4.5. Polymerase Chain Reaction (PCR)
The cDNAs were synthesized from 2 μg of total RNA isolated from mpkCCDc14 cells or V2R-AQP2 cells, respectively, using the Prime Script cDNA Synthesis kit (6110A, Takara, Otsu, Shiga, Japan). For DNA amplification, 1 μL of cDNA and AccuPower PCR PreMix (K-2012, Bioneer, Seoul, Korea) were used, according to manufacturer’s instructions. The PCR reaction was performed at 95 ℃ for 3 min followed by 25 cycles at 95 ℃ for 30 s, 55 ℃ for 30 s, and 72 ℃ for 30 s. The primer sequences used for PCR were AQP2-F: CTGCCATCCTCCATGAGATT, AQP2-R: GGAGCAACCGGTGAAATAGA, V2R-F: ACAGCAGCCAGGAGGAACTA, and V2R-R: GCACTTGAAACAGAGCCACA.

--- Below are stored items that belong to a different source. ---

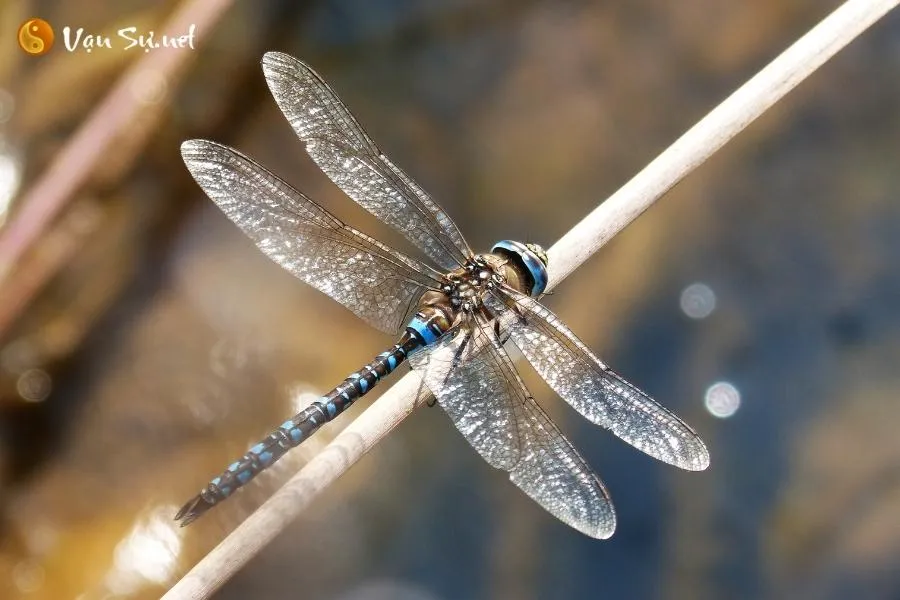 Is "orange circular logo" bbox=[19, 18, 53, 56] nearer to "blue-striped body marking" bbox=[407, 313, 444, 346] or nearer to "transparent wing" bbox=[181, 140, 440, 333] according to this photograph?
"transparent wing" bbox=[181, 140, 440, 333]

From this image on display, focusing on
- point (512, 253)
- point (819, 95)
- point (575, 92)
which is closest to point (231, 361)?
point (512, 253)

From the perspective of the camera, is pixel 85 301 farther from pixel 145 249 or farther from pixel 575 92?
pixel 575 92

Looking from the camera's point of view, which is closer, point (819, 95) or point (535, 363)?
point (535, 363)

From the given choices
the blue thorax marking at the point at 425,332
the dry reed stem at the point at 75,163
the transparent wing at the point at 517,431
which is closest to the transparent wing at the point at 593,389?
the transparent wing at the point at 517,431

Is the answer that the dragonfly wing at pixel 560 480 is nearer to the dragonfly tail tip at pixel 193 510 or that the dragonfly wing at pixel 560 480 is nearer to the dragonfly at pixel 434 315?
the dragonfly at pixel 434 315

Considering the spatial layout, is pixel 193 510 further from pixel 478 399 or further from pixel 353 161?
pixel 353 161

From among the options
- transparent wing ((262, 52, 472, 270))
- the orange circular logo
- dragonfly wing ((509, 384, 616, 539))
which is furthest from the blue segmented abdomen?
the orange circular logo

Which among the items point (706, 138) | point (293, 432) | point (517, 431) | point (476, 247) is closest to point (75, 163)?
point (293, 432) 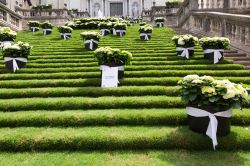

4.6. Cell Counting Kit (CCK)-8 Assay
Cells were seeded into 96-well culture plates at a density of 5 × 104 cells per well. Following incubation for 24 h at 37 ℃, the CCK-8 assay was performed according to the manufacturer’s instructions. Briefly, 10 μL of CCK-8 solution (CK04, Dojindo Molecular Technologies, Inc., Rockville, MD, USA) was added to each well and the cells were incubated for 2 h at 37 ℃. The absorbance was measured at 450 nm wavelength using a microplate reader.
4.7. cAMP Assay
Cells were cultured in a 6-well Transwell system (0.4 μm pore size, Transwell Permeable Supports, 3450, Corning, NY, USA) for 5 days and starved for the next 24 h. All measurements were performed in the presence of 1 mM 3-isobutyl-1-methylxanthine (IBMX; I5879, Sigma, St. Louis, MO, USA) to inhibit cyclic nucleotide phosphodiesterase. After pretreatment of 1 mM IBMX for 15 min, vehicle or dDAVP (10−11 M or 10−10 M) was added to the basolateral side of the cells for 15 min in the presence of IBMX. Intracellular cAMP levels were measured using a competitive enzyme immunoassay (501040, Cayman Chemical, Ann Arbor, MI, USA) according to the manufacturer’s instructions. The results were presented in picomoles per milliliter of cell lysate.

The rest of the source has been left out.